I am amazed at the number and types of brokers in the world – ranging from stock brokers, real estate brokers, personal service brokers, business brokers, commodity brokers, investment brokers, marriage brokers, auto brokers, insurance broker, information broker, joint venture broker, office broker, etc. etc.
According to Wikipedia, a broker is a party that arranges transactions between a buyer and a seller, and gets a commission when the deal is executed. The prime responsibility of a broker is to bring sellers and buyers together. Therefore, a broker is the third-person facilitator between a buyer and a seller.
A lot of individuals and enterprises make a livelihood by offering primarily brokerage services. It is probably a lucrative proposition, but definitely not without its share of risks. Here are some of my observations and insights on the important dimensions of any broker:
1. Understanding of the market / industry is key
Brokers facilitate the creation of a marketplace by connecting buyers and sellers. Hence, it is extremely important for brokers to understand the market dynamics, have a perspective of future trends, and recognize the requirements, preferences, strengths and weaknesses of both buyers and sellers. If this understanding is well-founded and well-grounded, the potential to prosper as a broker is significantly high.
2. Networking is vital
Personal and professional networking is vital for new business acquisition and growth. Networking with both suppliers and consumers is vital for a broker. What is essential is to identify the right set of connections that need to be made, to establish and continuously nurture these connections. Existing professional or personal relationships is probably one of the most important reasons for a buyer or seller to engage with a specific broker for potential business propositions.

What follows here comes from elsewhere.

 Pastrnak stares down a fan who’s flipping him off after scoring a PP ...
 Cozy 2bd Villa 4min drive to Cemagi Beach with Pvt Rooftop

3. Limited “capital” investments are required
In general, a broker has to make limited capital investments. The key investments are usually in terms of time and of course, basic capital and basic infrastructure. The capital and infrastructure investments are typically smaller than those made by a buyer or seller.
4. Clearly stated goals are imperative
It is important for a broker to have self-defined precise and measureable goals, primarily because the business model of a broker is significantly dependent on both buyers and sellers and hence there are many variables which will be outside the brokers purview of control. Therefore, it is all the more essential to have clearly stated goals and be cognizant of what is within and outside your own locus of control. Ideally, you should focus time and energy only on aspects which are within your control.
5. Clarity on values is key
Part of the job description of being a broker involves interactions with all types of individuals and enterprises. A broker has to deal with a diverse set of expectations, emotions, expressions and experiences – many of these will mandate the broker to introspect and act based on their inherent core value system.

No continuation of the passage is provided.